Wednesday, February 7, 2007

Thin Edge of the Wedge?

I am a firm believer that students need to learn to use the Web 2.0 tools that are available to them in a constructive and ethical manner. I also teach internet safety to students, teachers and parents. I am opposed to blocking sites where students can read or post blogs, podcasts, and videos. I'm fortunate to work in a school district that understands my point of view. When things happen as a result of a YouTube posting, instead of a knee jerk reaction to block the site, we try to look at the episode as a "teachable moment" or as an incident that requires alternative discipline measures. So far, that has worked and the site has remained open.

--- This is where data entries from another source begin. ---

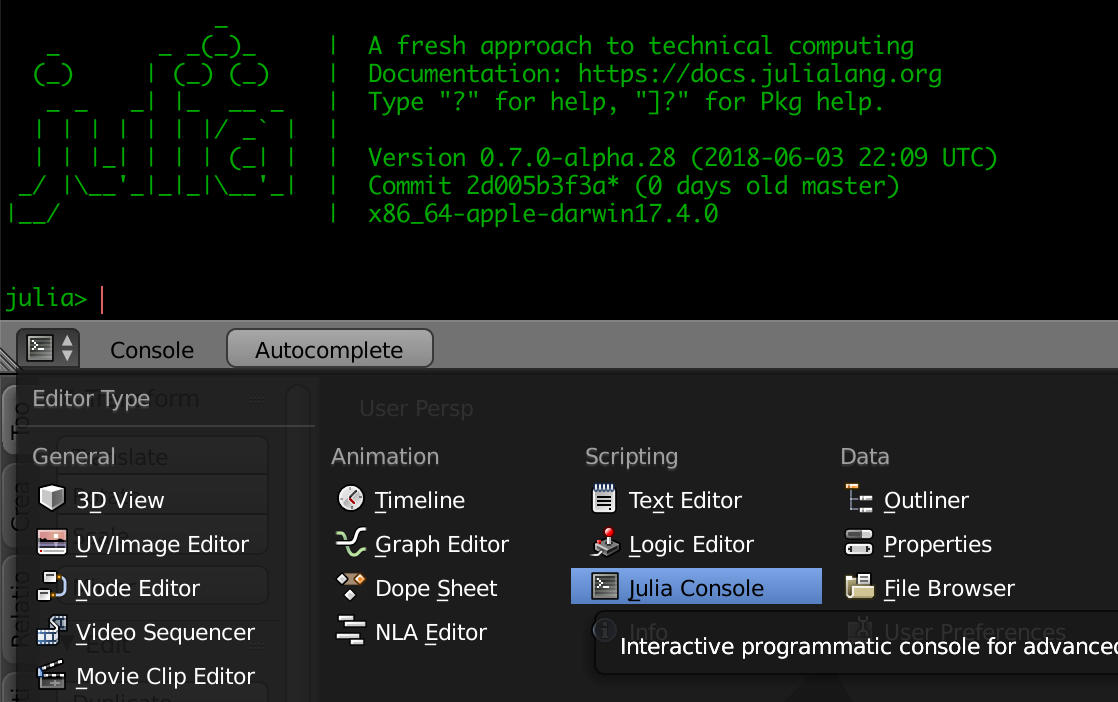 julia_console.png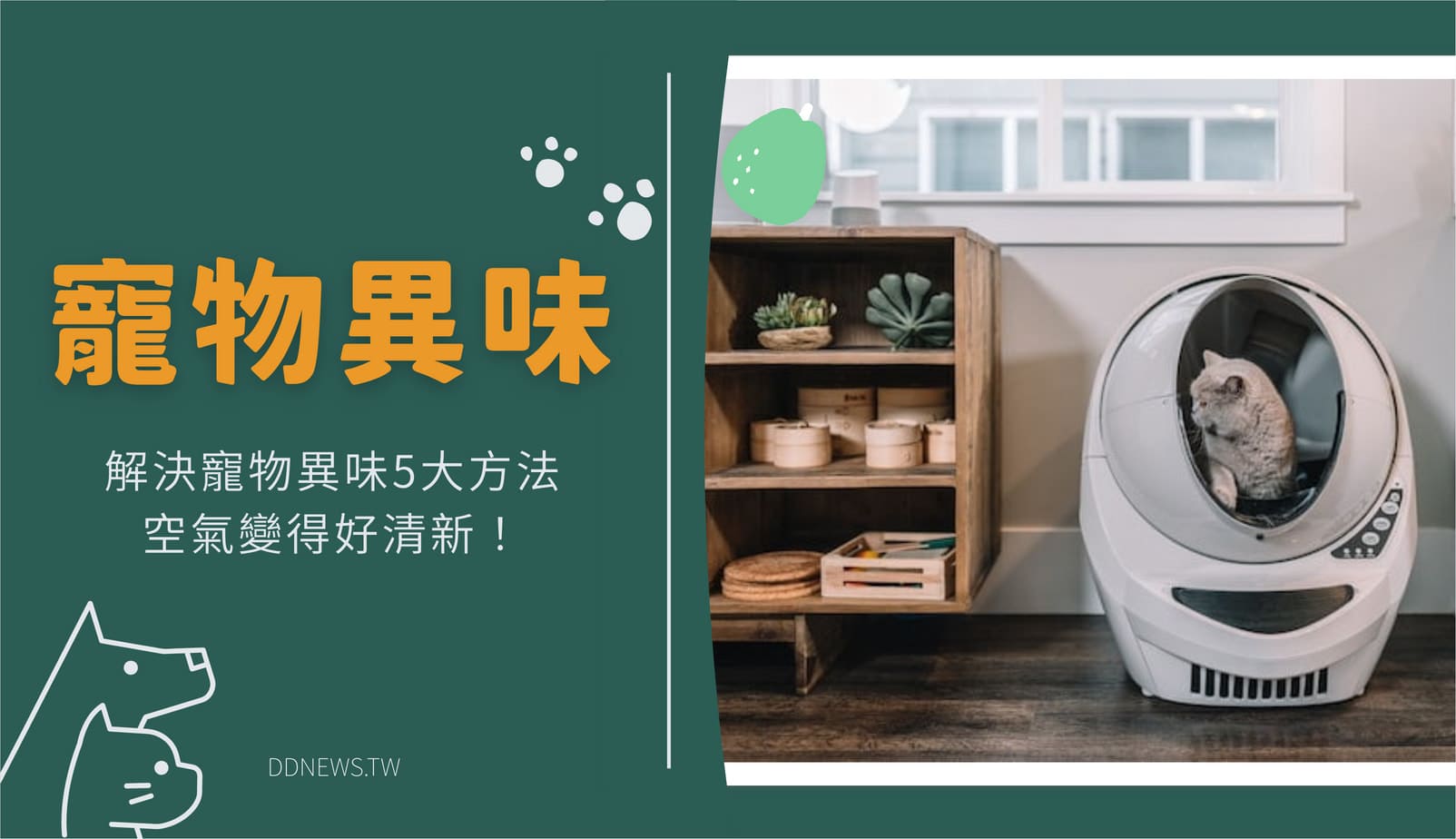 寵物異味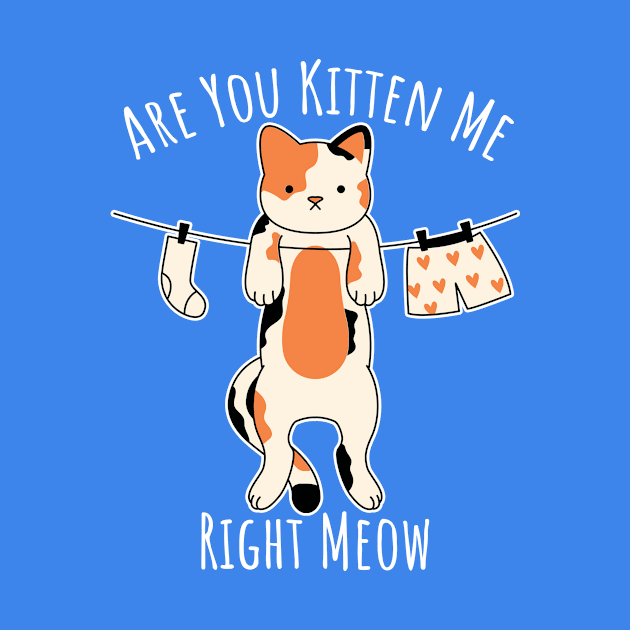 Are You Kitten Me Right Meow by PorcupineTees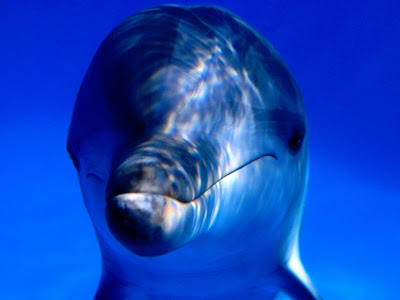 hd dolphin wallpapers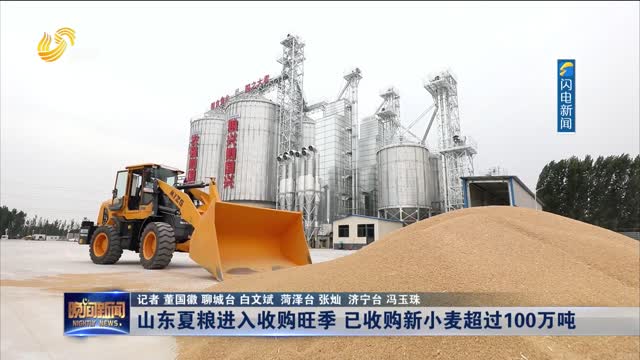 山东夏粮进入收购旺季 已收购新小麦超过100万吨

In the course of my recent classroom discussions with elementary school students regarding keeping safe on line, protecting passwords, not discolsing personal information, etc. a number of students have offered to show their website creation work on the service Piczo. Quite frankly, I was alarmed at some of the information being disclosed, the personal identifiers, the photos, both fun and risque. The interchange in the chat/feedback areas with hurtful language. The pages for voting on what kids are hot and who are losers. And, the linking that takes place on these sites, the web of sites one can visit just by having access to one student's page. I don't think a lot of these students clearly understand how visible and public their spaces are.

Although I can make the case to open up website development opportunities for students to create and share, I see no redeeming value in using Piczo as a service to do that. I think it is causing more harm in our classrooms than good from sites that the students create at home.

The wedge has been placed under my values and beliefs about modern day computing and while I don't like it, I have taken the steps necessary to block the site, and its derivatives, from access within our district network.

And, once the block was in place we recorded over a hundered attempts to access the domain. At 1:30 pm. On a school day. What's wrong with this picture?

One thing I have learned this week is that I need to go beyond my plan to teach effective and ethical use of the web tools, but to also take a more indepth look at what students in my district are actually producing from the comfort of home.

1 comment:

David said...

Bob,

I had the opportunity a week ago to work with Nancy Willard, who is probably the chief guru on net safety. I watched her presentation and then had a great conversation with her afterward, which is posted as a podcast on Connect Learning (http://connectlearning.davidwarlick.com/).

The main message that I came away with was that we should not over react to safety issues. The most important thing that we should do and preserve is having conversations with our students and children (which is what you excel in, Bob). But when we over react, our children see that, and are less likely to want to talk to us about their online experiences.